● Task instructions
The line containing "Fotos: Sara Cheida / Itaipu Binacional" marks the start. Restate it and every following line through the end of the records exactly, and nothing else, leaving out the pictures.

━━━ Study material ━━━

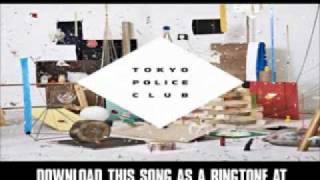 TOKYO POLICE CLUB - &quot;FRANKENSTEIN&quot; [ New Video + Lyrics + Download ]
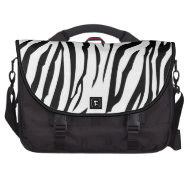 Commuter Bag Zebra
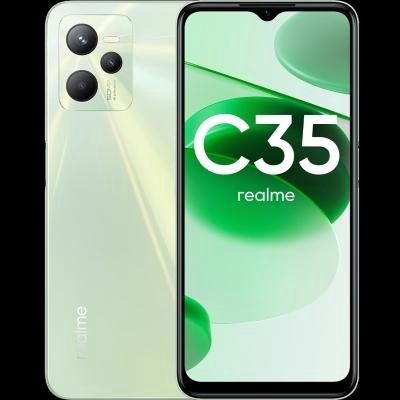 Realme C35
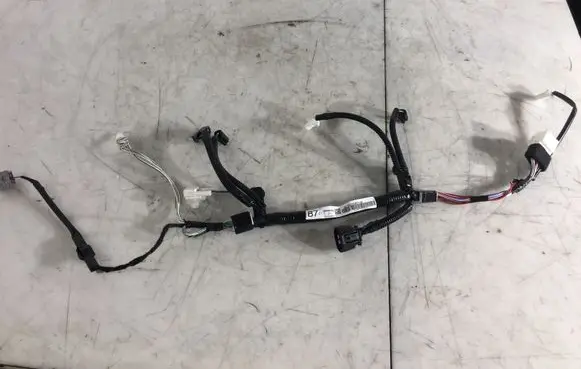 Toyota C-HR I Tailgate/trunk wiring harness 821850DB70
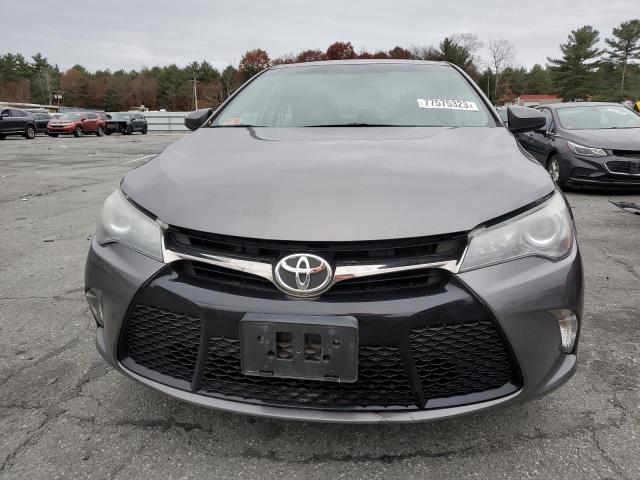 4T1BF1FK7GU152930 - 2016 TOYOTA CAMRY LE GRAY photo 5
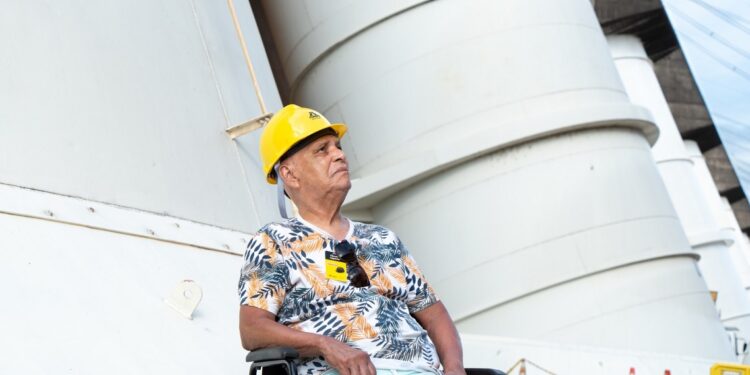 Fotos: Sara Cheida / Itaipu Binacional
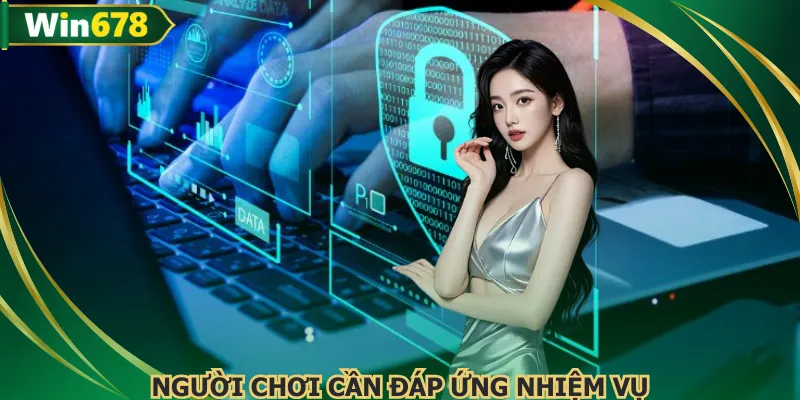 Nghĩa vụ dành cho người chơi nâng cao sự chủ động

━━━

● Output for this task
 Fotos: Sara Cheida / Itaipu Binacional
 Nghĩa vụ dành cho người chơi nâng cao sự chủ động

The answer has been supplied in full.